Early organ-specific mitochondrial dysfunction of jejunum and lung found in rats with experimental acute pancreatitis

Abstract

Introduction: Multiple organ dysfunction is the main cause of death in severe acute pancreatitis. Primary mitochondrial dysfunction plays a central role in the development and progression of organ failure in critical illness. The present study investigated mitochondrial function in seven tissues during early experimental acute pancreatitis.

Methods: Twenty-eight male Wistar rats (463 ± 2 g; mean ± SEM) were studied.

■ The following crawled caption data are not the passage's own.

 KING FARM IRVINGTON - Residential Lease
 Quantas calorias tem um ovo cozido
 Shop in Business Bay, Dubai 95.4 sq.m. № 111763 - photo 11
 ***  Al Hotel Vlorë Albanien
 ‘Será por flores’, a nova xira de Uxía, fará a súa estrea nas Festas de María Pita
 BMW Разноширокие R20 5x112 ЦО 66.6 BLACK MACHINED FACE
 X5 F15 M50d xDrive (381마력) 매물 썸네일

Group 1 (n= 8), saline control; Group 2 (n= 6), caerulein-induced mild acute pancreatitis; Group 3 (n= 7) sham surgical controls; and Group 4 (n= 7), taurocholate-induced severe acute pancreatitis. Animals were euthanased at 6 h from the induction of acute pancreatitis and mitochondrial function was assessed in the heart, lung, liver, kidney, pancreas, duodenum and jejunum by mitochondrial respirometry.

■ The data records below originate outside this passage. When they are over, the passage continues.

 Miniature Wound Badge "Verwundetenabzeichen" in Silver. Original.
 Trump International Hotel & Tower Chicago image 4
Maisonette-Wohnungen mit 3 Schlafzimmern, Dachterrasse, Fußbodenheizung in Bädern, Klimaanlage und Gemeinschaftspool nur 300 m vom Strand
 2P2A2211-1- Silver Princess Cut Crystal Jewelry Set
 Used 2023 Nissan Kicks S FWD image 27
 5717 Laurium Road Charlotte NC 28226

Results: Significant early mitochondrial dysfunction was present in the pancreas, lung and jejunum in both models of acute pancreatitis, however, the Heart, liver, kidney and duodenal mitochondria were unaffected.

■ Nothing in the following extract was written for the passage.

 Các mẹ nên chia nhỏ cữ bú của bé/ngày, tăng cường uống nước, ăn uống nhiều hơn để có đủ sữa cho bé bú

Conclusions: The present study provides the first description of early organ-selective mitochondrial dysfunction in the lung and jejunum during acute pancreatitis. Research is now needed to identify the underlying pathophysiology behind the organ selective mitochondrial dysfunction, and the potential benefits of early mitochondrial-specific therapies in acute pancreatitis.

Figure 1

Representative trace generated by the OROBOROS® Oxygraph 2 K. Solid line represents mitochondrial respiration (left y-axis) and the dotted line represents the oxygen concentration (right y-axis). LEAK: state 2 respiration with glutamate and malate. OXP-I: oxidative phosphorylation with Complex I substrates (state 3 respiration) with the addition of adenosine diphosphate (ADP). OXP-I,II: state 3 respiration with succinate a Complex II substrate. ETS-I,II: uncoupled respiration with addition of carbonylcyanide-4-(trifluoromethoxy)-phenylhydrazone (FCCP). ETS-I,II: addition of rotenone. CCO: addition of tetramethyl-p-phenylenediamine (TMPD)/ascorbate. CCOc addition of cytochrome C. Cyto C: cytochrome C. Ant A: antimycin A. Concomitant oxygen concentration (nmol/ml) is shown on the right y-axis

Figure 2

A summary of the effects of caerulein pancreatitis, sham surgery and taurocholate pancreatitis on the various respiratory chain complexes. For definitions of LEAK-I through to CCOc see legend for Figure 1. ‘-’ represents inhibition of the complex. Letters ‘a’, ‘b’ and ‘c’ represent significant inhibition of the complex whereby a: caerulein pancreatitis vs. saline control; b: sham surgery vs. saline control; c: taurocholate pancreatitis vs. sham surgery.